MIT student charged with wearing fake bomb she says was only art.

By Rodrique Ngowi.

BOSTON --Troopers arrested an MIT student at gunpoint Friday after she 
walked into Logan International Airport wearing a computer circuit board 
and wiring on her sweatshirt. Authorities call it a fake bomb; she 
called it art.

Star Simpson's attorney said the charges against her were an 
overreaction, but authorities expressed amazement that someone would 
wear such a device eight months after a similar scare in Boston, and six 
years after two of the jets hijacked in the Sept. 11 attacks took off 
from Logan.

"I'm shocked and appalled that somebody would wear this type of device 
to an airport," said State Police Maj. Scott Pare, the airport's 
commanding officer.

The terminal was not evacuated and flights were not affected, airport 
officials said.

Simpson, 19, of Hawaii, has expertise in electronics and even received a 
Congressional citation for her work in robotics, according to her lawyer.

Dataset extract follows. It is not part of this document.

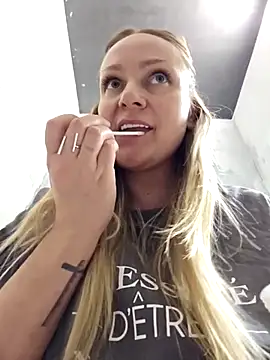 Snapshot of Bondgirl_013 chatting on February 28, 2026, 6:18 pm Bondgirl 013 online show from February 28, 2026, 6:18 pm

She wore the white circuit board on her chest over a black hooded 
sweatshirt, Pare said at a news conference. The battery-powered 
rectangular device had nine flashing lights, and Simpson had Play-Doh in 
her hands, he said.

Two phrases that looked hand-drawn -- "Socket to me" and "Course VI" -- 
were written on the back of Simpson's sweatshirt, which authorities 
displayed to the media. Course VI appears to refer to MIT's major of 
electrical engineering and computer science.

"She said that it was a piece of art and she wanted to stand out on 
career day," Pare said. "She claims that it was just art, and that she 
was proud of the art and she wanted to display it."

There was a career fair at the university on Thursday, according to the 
university's Web site.

Simpson was charged with possessing a hoax device. A not guilty plea was 
entered for her and she was released on $750 bail.